On Tuesday, September 5th, the European Union's statistical office reported that the Eurozone's PPI for July decreased by 7.6% year-on-year, meeting expectations. This marks a decline from the 3.4% drop in June and represents the seventh consecutive monthly decrease.

Month-on-month, the PPI fell by 0.5%, a steeper decline than the 0.4% drop seen in the previous month. Analysts believe that this seven-month slide in PPI might somewhat alleviate pressures on the European Central Bank (ECB).

Excluding energy, the Eurozone's PPI growth rate slowed to 1.6% in July from 2.5% in June.

A closer look reveals that the main contributors to the month-on-month decline in the Eurozone's PPI for July were a 1.2% drop in prices for intermediate products like steel, sugar, and lumber, and a 0.9% decrease in energy costs. Prices for capital goods, such as machinery, tools, or buildings, and durable consumer goods rose by 0.2%, while non-durable consumer goods saw a 0.1% increase.

The countries with the most significant monthly declines in industrial producer prices were Ireland (-8.1%), the Netherlands (-2.6%), and Sweden (-1.8%). In contrast, the countries with the most significant increases were Latvia (+2.2%), Slovakia (+1.7%), and Croatia (+1.3%).

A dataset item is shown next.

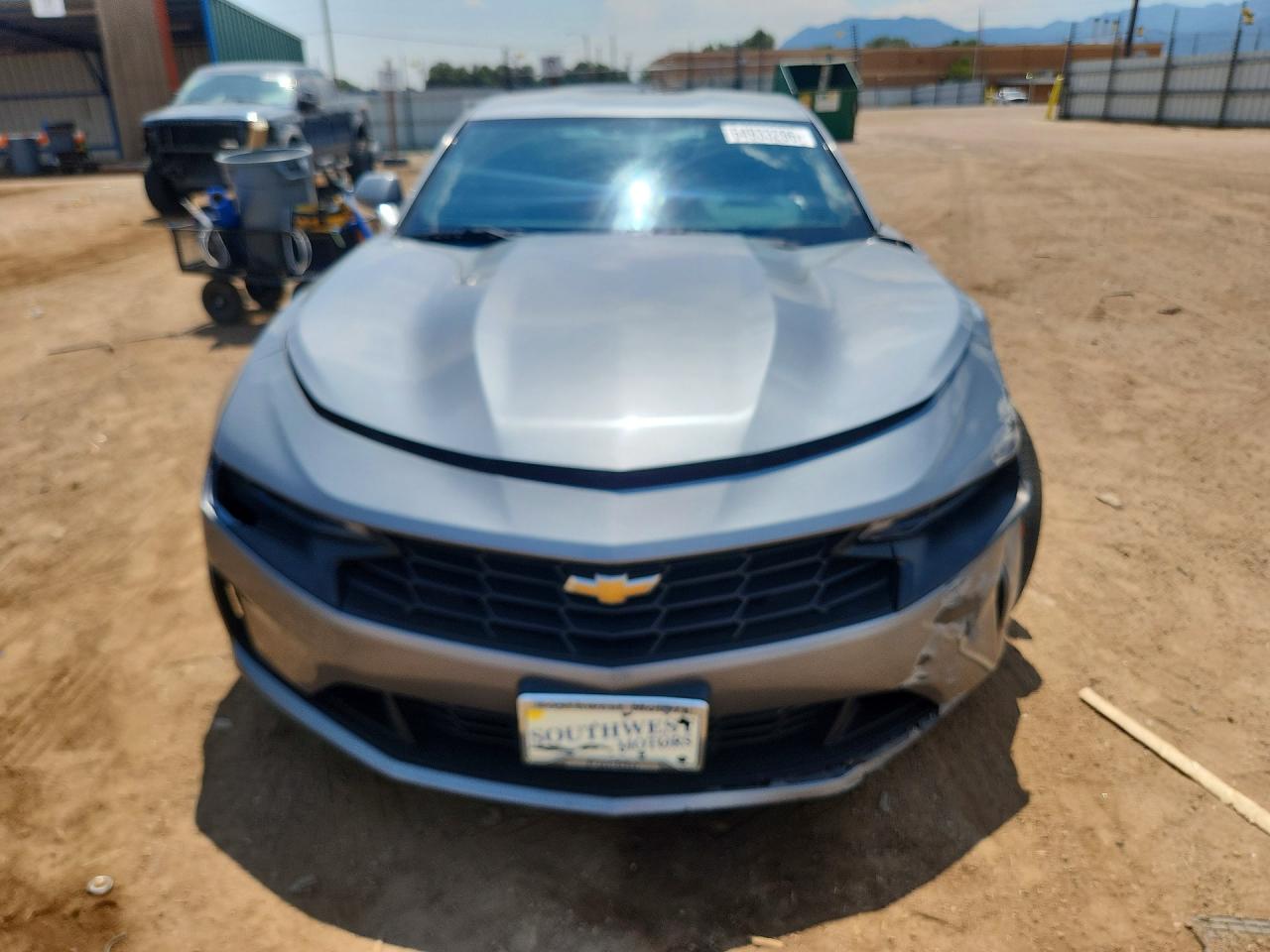 2020 CHEVROLET CAMARO LS — снимка 5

Since ending its eight-year era of negative interest rates last July, the European Central Bank has raised interest rates nine times in succession, accumulating a total increase of 425 basis points. Debates over rate hikes within the ECB have intensified.

The Eurozone's harmonized CPI for August increased by 5.3%, surpassing expectations. However, core inflation dropped from 5.5% in July to 5.3% in August. Analysts widely believe that the Eurozone's sluggish economy, combined with stubborn inflation, has put the ECB in a difficult position.

Divergence on Rate Hikes Within the ECB

On September 4th, ECB Executive Board member Wunsch indicated that the ECB might need to hike rates further to combat inflation. He expects the inflation target to be around 2% by 2025, suggesting that discussions about halting rate hikes are premature.

Robert Holzmann, a member of the ECB's Governing Council and the head of Austria's central bank, stated in late August that the ECB hasn't defeated inflation yet. Barring unforeseen circumstances, another rate hike might be necessary in September. He believes that reaching the peak interest rate sooner means the ECB can start cutting rates earlier. A rate path that alternates between hikes and pauses is harder for the market to digest. Regarding whether rate hikes might continue after September, he mentioned that once rates reach 4%, the topic would be revisited.

Last week, Joachim Nagel, the head of Germany's central bank, and Martins Kazaks, the head of Latvia's central bank, both expressed similar views, leaning towards another rate hike.

However, Nagel refrained from explicitly indicating his stance on a potential rate hike in September. "I won't signal here what we'll do in September. We'll wait for the data. That was the consensus we reached in our July meeting. Once the ECB completes its rate hikes, it might need to maintain high rates to let them fully impact the economy."

Representing the dovish side, Mario Centeno, the head of Portugal's central bank, noted that emerging downside risks warrant caution.